Lanvin to open in Manila
MANILA, Philippines - Not even Kim Kardashian could take the exuberance of Fashion Week away from Paris. Mrs. West’s Seine-deep cleavage wasn’t enough to divert cameras from the runways and the creative vision they exhibited.
With Lanvin celebrating its 125th anniversary as a stately fashion house, its spring-summer 2015 show at the École Nationale Supérieure des Beaux-Arts commanded much reverence. As ornate as Paris’s vaunted École is, boasting baroque sculpture and arched glass looming above, the show needed no extra adornment.
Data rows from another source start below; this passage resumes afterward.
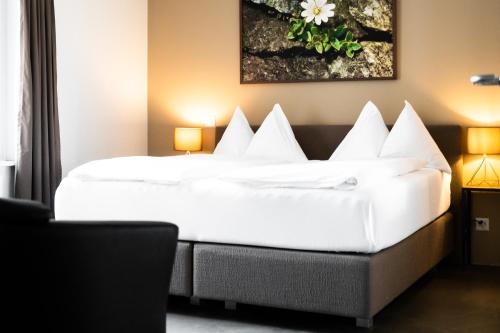 韦吉斯Alpenblick Weggis - Panorama & Alpen Chic Hotel的酒店客房配有一张带白色枕头的大床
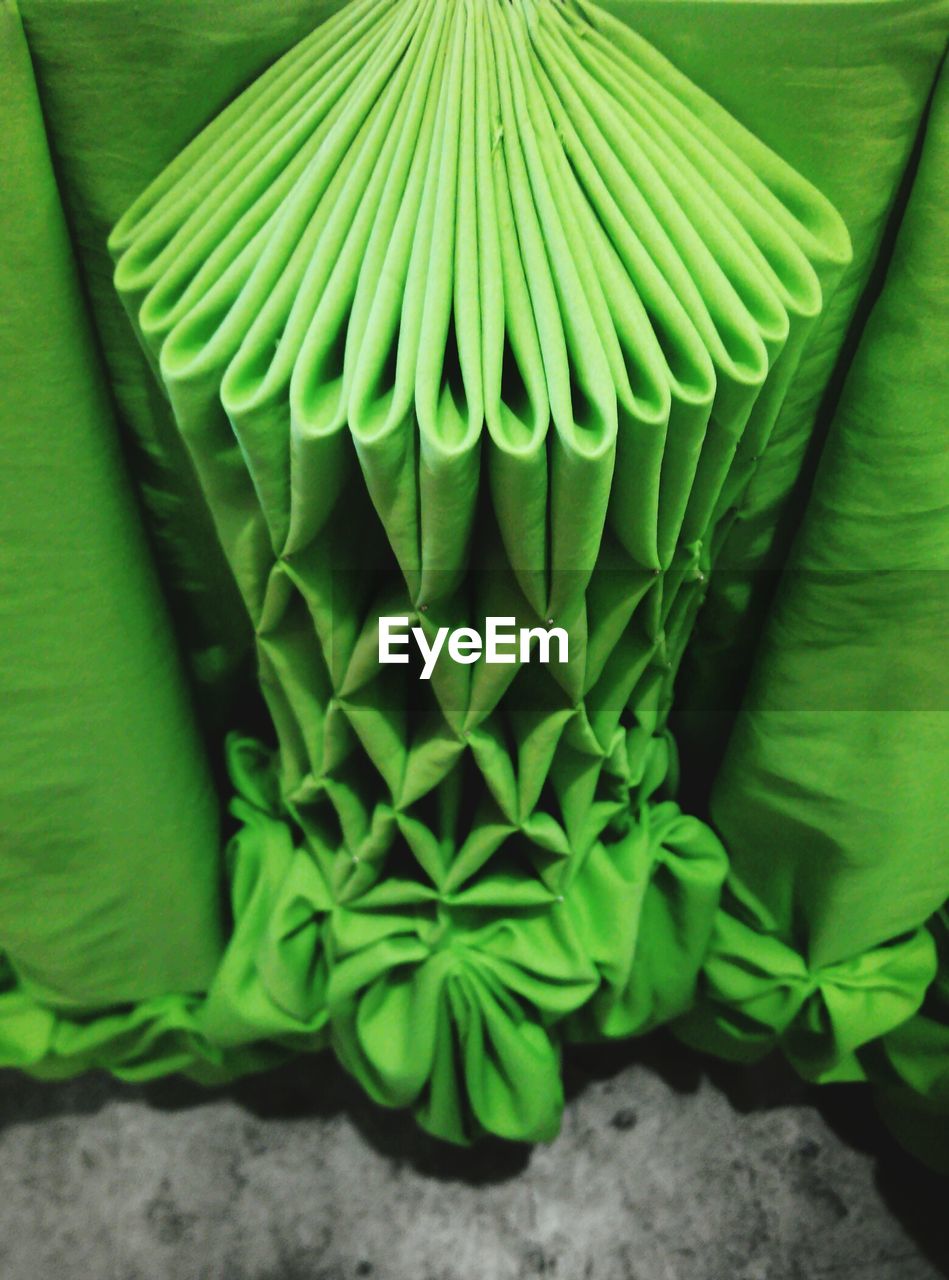 High angle view of folded green tablecloth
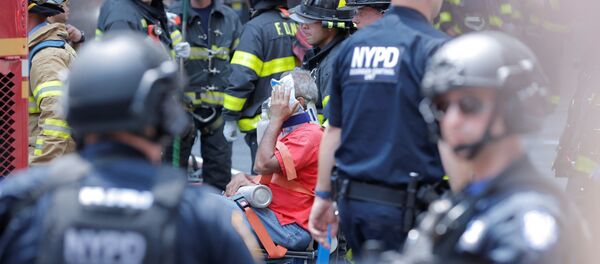 First responders tend to an injured pedestrian after a vehicle struck pedestrians on a sidewalk in Times Square in New York, U.S., May 18, 2017. First responders tend to an injured pedestrian after a vehicle struck pedestrians on a sidewalk in Times Square in New York, U.S., May 18, 2017. - Sputnik International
Spotlighted geometric floor stood as the runway, sleek and subdued. It provided a fitting metaphor for the role Lanvin has embraced for over a century. The label’s creative director, Alber Elbaz, has always emphasized woman as the statement no matter how much fabric is draped upon her.
Woman as statement
Opening the show, Violetta Sanchez brandished a sly grin as she strode out in an elegant one-shouldered dress, her boldness conveying how a woman is supposed to feel in a Lanvin garment. Fellow modeling legend Amber Valletta trailed after, looking statuesque in a black jersey column piece with just a side seam of metallic and pearl detailing. In cuts reminiscent of Greek goddesses or Renaissance angels, crepe dresses in solid beige or Lanvin blue swished forward underscoring a minimalism that highlighted their wearer.
If a bold slit wasn’t celebrating a woman’s sexuality, accessories like a hefty pearl or monkey breastplate conveyed her power. Lace, gold brocading, and deer prints that shone almost like holograms on trousers and party dresses were less proclamation and more punctuation. Rather than distract, these embellishments presented woman as masterwork, just as sea foam birthed Aphrodite in mythology.
As the likes of Valetta and Sanchez proved, age doesn’t diminish the sight of a woman who feels confident in what she’s wearing. This image is spectacle enough, warranting even the accompaniment of popcorn, which was served to guests in blue boxes before the show.
Lanvin in Manila
While the show saluted the past 125 years, it also celebrated new ground traversed by the oldest fashion house still in operation. Coinciding with the rise of Lanvin flagships around the world, the label will soon find a home in Manila. Under retail group Homme et Femme’s distinguished umbrella of brands, Lanvin’s Manila flagship is slated to launch in early 2015. It will carry the label’s ready-to-wear-collections and accessories.
By encompassing women both global and modern (is there any distinction anymore?), the label’s intensifying presence around the world is necessary. Violetta couldn’t have been a better example of this. As Dancin’ in the Street played at the end of the show, the middle-aged model twirled playfully, demonstrating how a woman needs to feel good about herself wherever she finds herself.